Double Fine Productions is an award-winning game development studio founded in 2000 by games industry veteran Tim Schafer . Located in San Francisco’s South of Market district, Double Fine is committed to making high-quality games with an emphasis on originality, story, characters, and fun.

Tim always wanted to start a band called "Double Fine" so people would know whose Zone they were entering as they crossed the Golden Gate Bridge. A game studio was second best.

The history of Double Fine is full of excitement, battles against demonic hordes, game jams, giant robots, and at least one madcap dentist stealing brains. Or maybe that’s some of our games. If you want to know about the studio, we’ll need to break it down into lovely little chunks of biographical truth and the occasional exaggeration.

How did it all start? Well Tim Schafer and a band of motley folks, including other LucasArts alums and assorted cool chums, decided that it was time to start their own game studio — One where original projects could thrive and the only limits were measured in imagination and megabytes. A studio was set up in San Francisco, named after a traffic sign, and shoved into an old clog-shop.

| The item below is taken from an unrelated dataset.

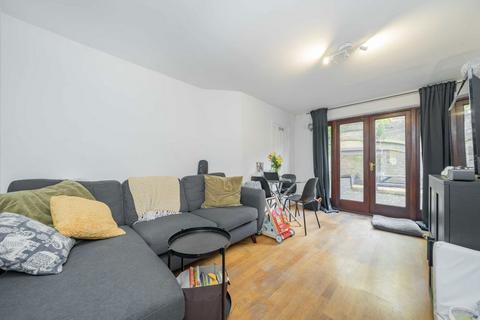 2 bedroom flat for sale, Rousden Street, London NW1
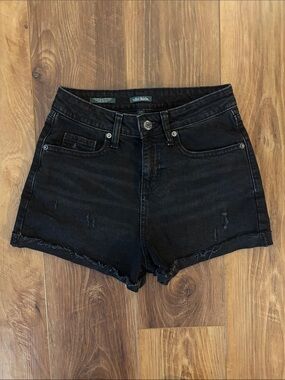 Black High-rise Rolled Cuffed Shorts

The early days of Double Fine birthed some of our largest games. Psychonauts was first on the docket and it proved to be an arduous development period. As skilled programmers, artists, and other game buds worked their butts off to bring the story of Razputin "Raz" Aquato, a series of publisher woes left the game’s fate up in the air. That’s some inside baseball nonsense though; it was sorted out in the end either by fate or luck. Psychonauts got made. Perhaps it took a bit of time to truly resonate, but it’s endured as cult-classic with an energetic and diverse fandom over 15 years later.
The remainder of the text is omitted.